General Reading Strategies

Keep in mind as you read that you have two goals: to understand the content, and to assimilate the principles of scientific writing. The following suggestions will help you achieve these goals:

  1. Read around the text, as well as in the text. A brief look at the major divisions, parts, and overall structure of a text will help you understand and remember difficult material more easily. Scientists generally follow very clear patterns in their writing, telling their readers exactly where and when they define terms, explain general principles, and give examples. Headings, paragraph breaks, lists, and transitional sentences often indicate what function each statement or paragraph has in the overall argument.

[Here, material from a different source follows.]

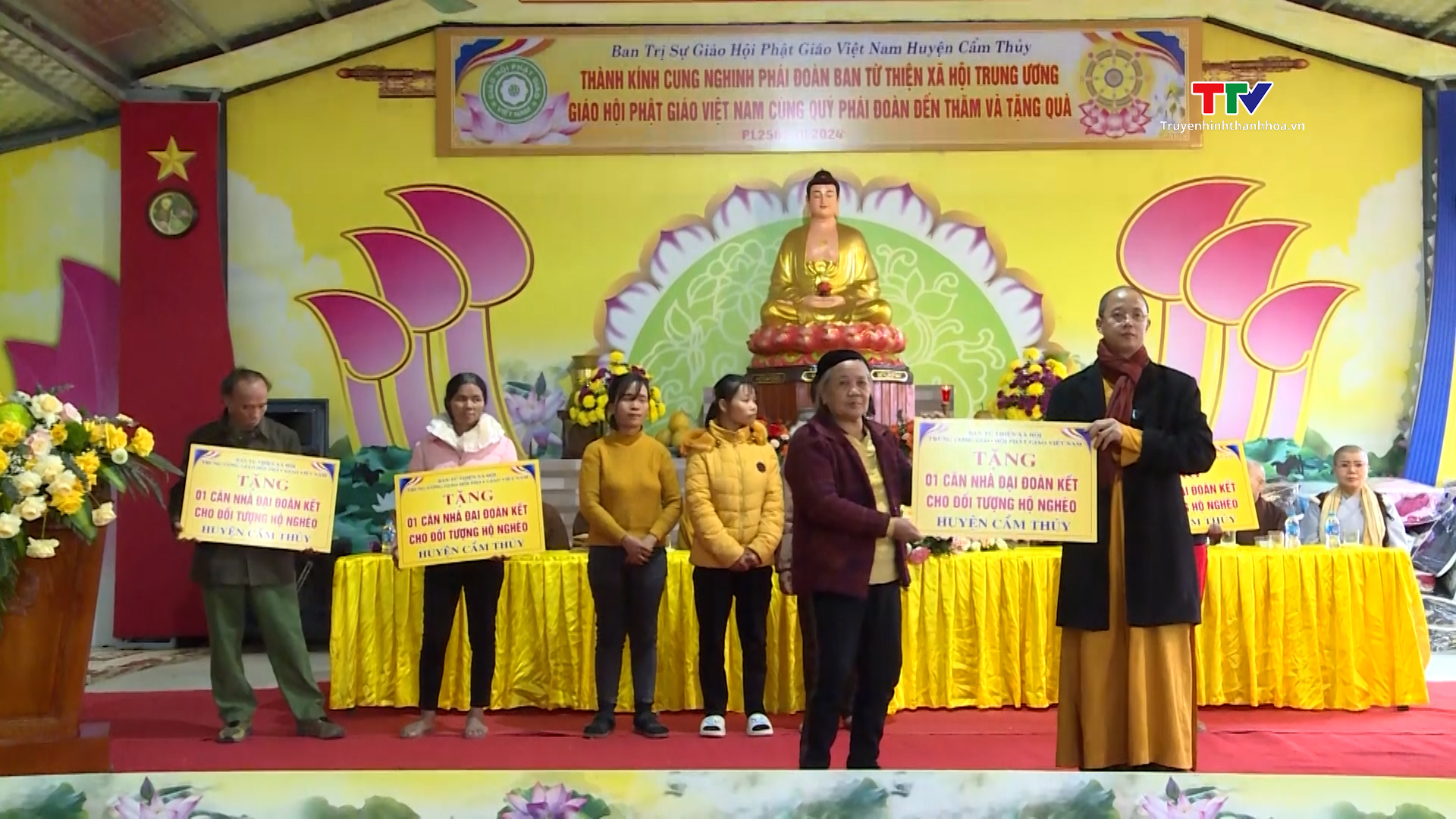 Hội Phật giáo trao tiền hỗ trợ làm nhà cho các hộ nghèo- Ảnh 1.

  2. Stop, re-read, and consider important statements. Often the most important statement in a text will be deceptively brief; Einstein’s famous equation, for instance, is only a few letters long. Scientific texts are generally very concise, and key terms can go by quickly. Follow each step carefully.
  3. Take notes as you read, listing main ideas, questions, problems, and unknown terms. The act of taking notes in itself will make you a more engaged reader, and these notes will help you assimilate ideas and overcome difficulties more easily later on.
  4. Look at diagrams carefully, examining each element and what it represents. Physicists often say that drawing the diagram is 90% of the work in solving a physics problem. Stephen Hawking has also remarked that he tends to solve the most complex problems by looking at their geometry. Even simple diagrams can contain a lot of information and illuminate difficult passages in the text. Take your time with them.
  5. Think about what you have read, and think of examples of how each idea works. Make the ideas you have read your own by imagining them in practice.